Moradores de aldeia no Cazaquistão revivem antiga arte dos berkutchi
Os berkutchi são considerados guardiões de uma das mais antigas tradições de caça dos nômades
Moradores da aldeia de Bozanbai, no leste do Cazaquistão, estão revivendo as tradições da caça nacional com águias-douradas. Eles transmitem às crianças as habilidades de manejo das aves de rapina e atraem participantes de outros países. Lá é realizado festival que reúne regularmente berkutchi do mundo todo, informa a Kazinform, parceira da TV BRICS.
Berkutchi é o nome dado aos treinadores e caçadores experientes que se dedicam à criação e ao adestramento dessas aves. Um deles é Marks Nazhitban. Ele organizou o modo de vida de sua família em torno dessa prática tradicional.

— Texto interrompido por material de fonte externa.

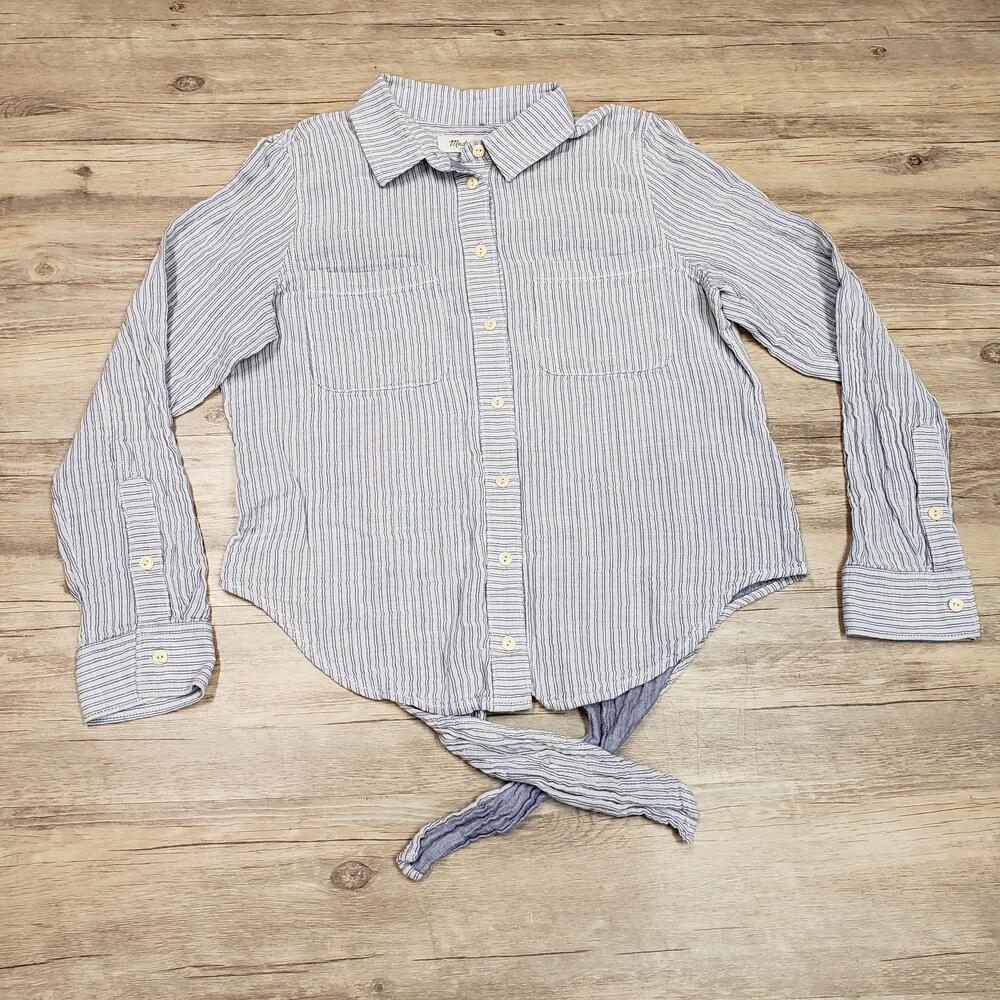 Madewell Shirt Womens Medium Blue Striped Long Sleeve Button Front Tie Waist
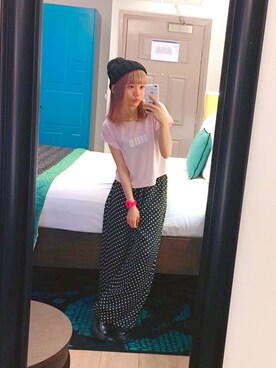 「アイテム（アナログ腕時計、ピンク系）」を使った、yuchaさん（レディース・153cm）の夏コーディネート
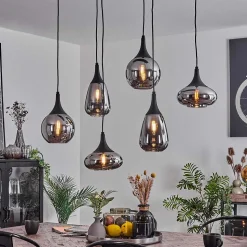 Suspension Maynal Noir, 6 Lumieres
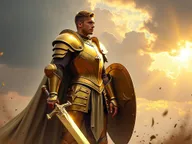 A heroic human paladin standing proud on a battlefield, clad in shining golden armor that glistens under the sunlight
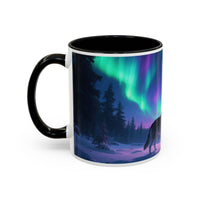 Mug with a design of a wolf under the Northern Lights in a forest.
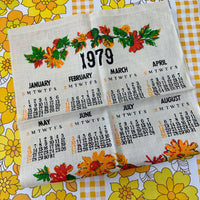 1979 Calendar Vintage Tea Towel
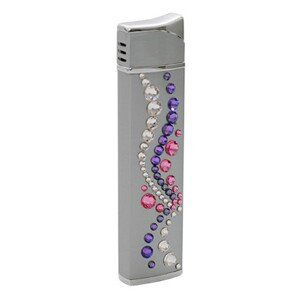 Zapalovač se Swarovski Elements fialová vlnka EL-53.7 Wave Violet Rose,Zapalovač se Swarovski Elements fialová vlnka EL-53.7 Wave Violet Rose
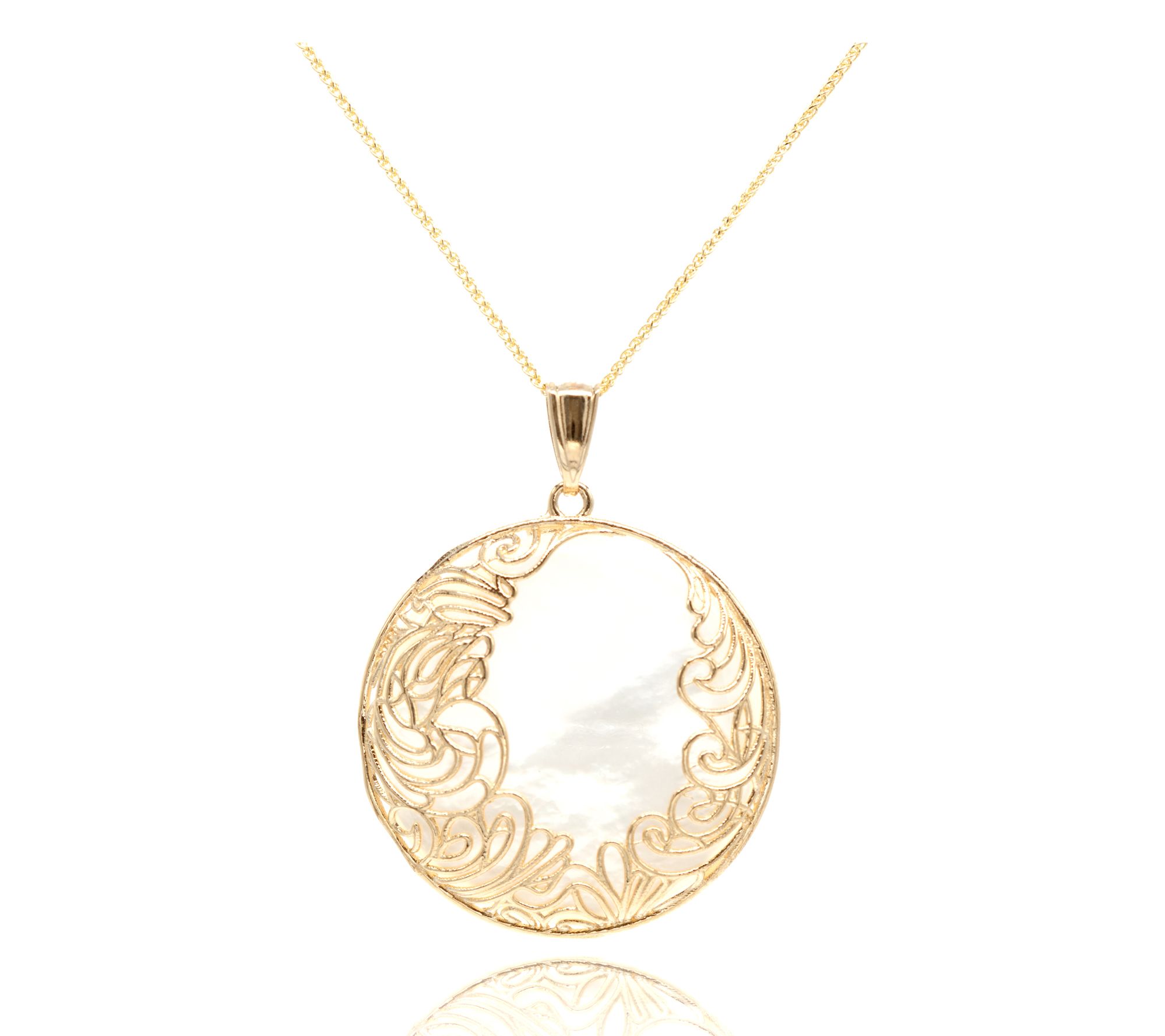 Adi Paz 14K Gold Lace Mother Of Pearl Pendant w / Chain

"Eu queria que meus filhos não ficassem afastados de suas raízes. Que conhecessem sua história, costumes e tradições […] porque as tradições não se preservam sozinhas. Se ninguém as vive, elas desaparecem muito rápido […] para os cazaques, o berkut nunca foi apenas uma ave. Ele representa força, sobrevivência, respeito e status. Na estepe, cenário em que muita coisa dependia da natureza, ele se tornava um aliado do ser humano: ajudava a conseguir alimento, contribuía para a sobrevivência e virava parte da família. Em tempos de fome, um único berkut podia alimentar uma comunidade inteira e era valorizado como ouro", contou Nazhitban.

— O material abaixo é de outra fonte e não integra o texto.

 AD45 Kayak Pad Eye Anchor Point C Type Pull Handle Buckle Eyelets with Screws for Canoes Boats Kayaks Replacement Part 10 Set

Sua filha de 16 anos, Aizere, muda a visão tradicional sobre os caçadores. Ela é a mais jovem berkutchi da região e, desde os 8 anos, consegue segurar por horas em seu braço uma ave de sete quilos. Aizere criou sozinha seu primeiro berkut e, alguns anos depois, o soltou na natureza, como exigem as regras dos berkutchi.

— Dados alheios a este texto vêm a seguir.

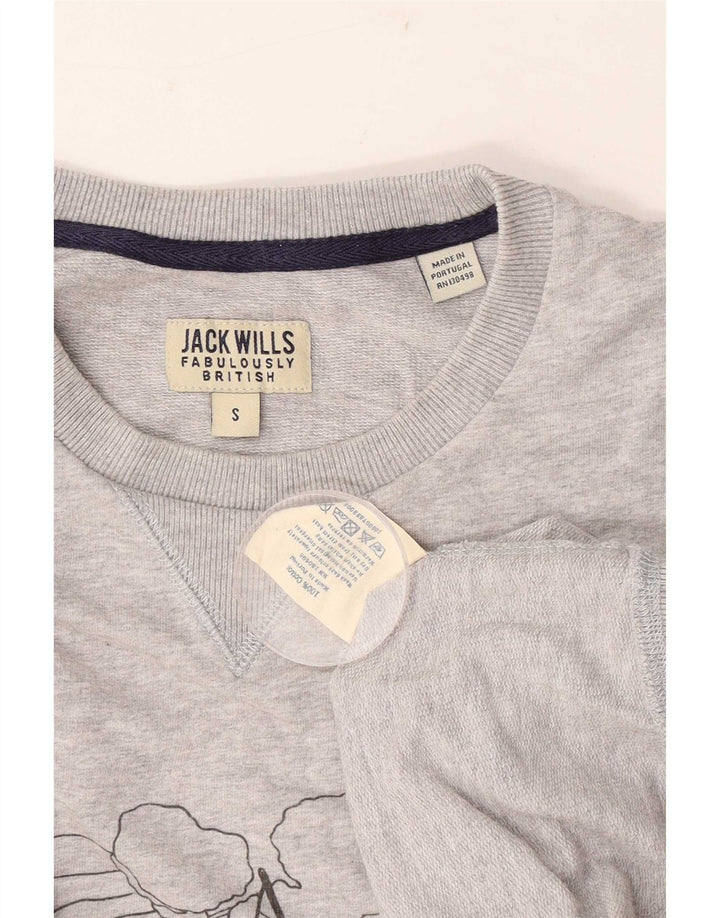Jack Wills Hombre Sudadera Gráfica Jersey Pequeño Algodón Gris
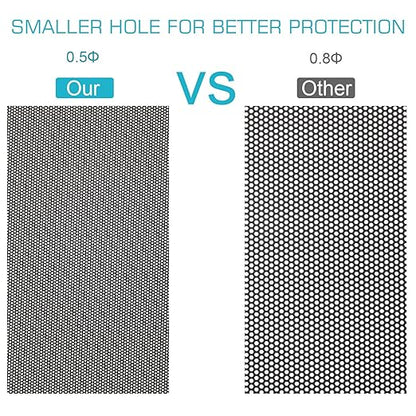 287mm 140mm x 2 PC Fan Dust Mesh Filter 11.3inch x 5.79inch PVC Computer PC Case Dust Proof Filter Cover Magnetic Black 2-Pack
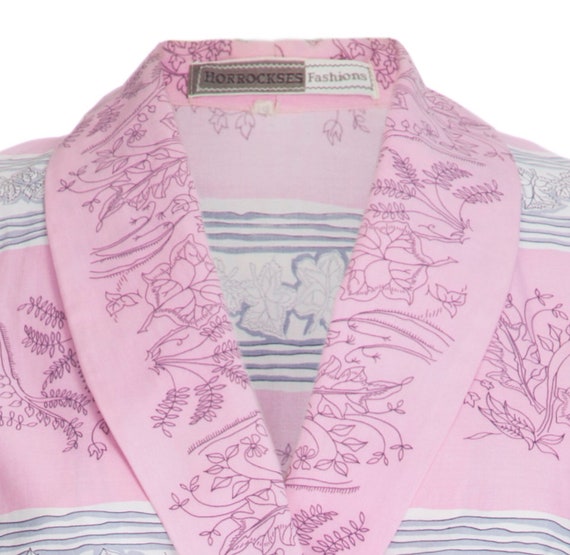 1950s Horrockses Pink Cotton Leaf Print Dress - image 5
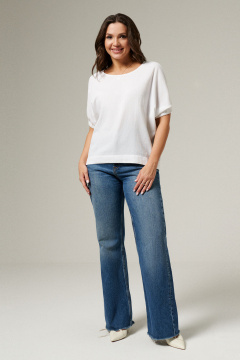 Белая хлопковая блуза с коротким рукавом и вышивкой Панда 149540w белый - фото 2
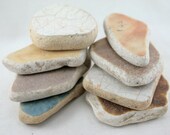 Seaglass Pottery,  Large Tile, White Clay, Chocolate, Cocoa, Grey, Pale Blue, Peach, Ceramics, Bright and Cheery, Jewelry Supplies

"O mais difícil é a despedida. Porque você está com ele [o berkut] todos os dias. Você o alimenta, cuida dele, ele está sempre ao seu lado. Ele é um membro da sua família. Mas chega um momento em que você entende que precisa deixá-lo ir, porque não pode ser diferente. Ele deve viver na natureza, formar seu par, construir seu ninho", compartilhou Aizere.
A família de Nazhitban participa ativamente da organização do festival de berkutchi em sua aldeia natal. No outono de 2025, Bozanbai recebeu cerca de 100 caçadores de diferentes países e mais de 10 mil turistas.
Atualmente, a família desenvolve sua própria comunidade étnica, não como um projeto separado voltado aos turistas, mas como uma continuação natural de seu modo de vida. Os visitantes poderão vivenciar essa rotina de perto: sair para a estepe, acompanhar a caça, segurar um berkut no braço, provar o saumal (leite fresco de égua) e participar de atividades tradicionais.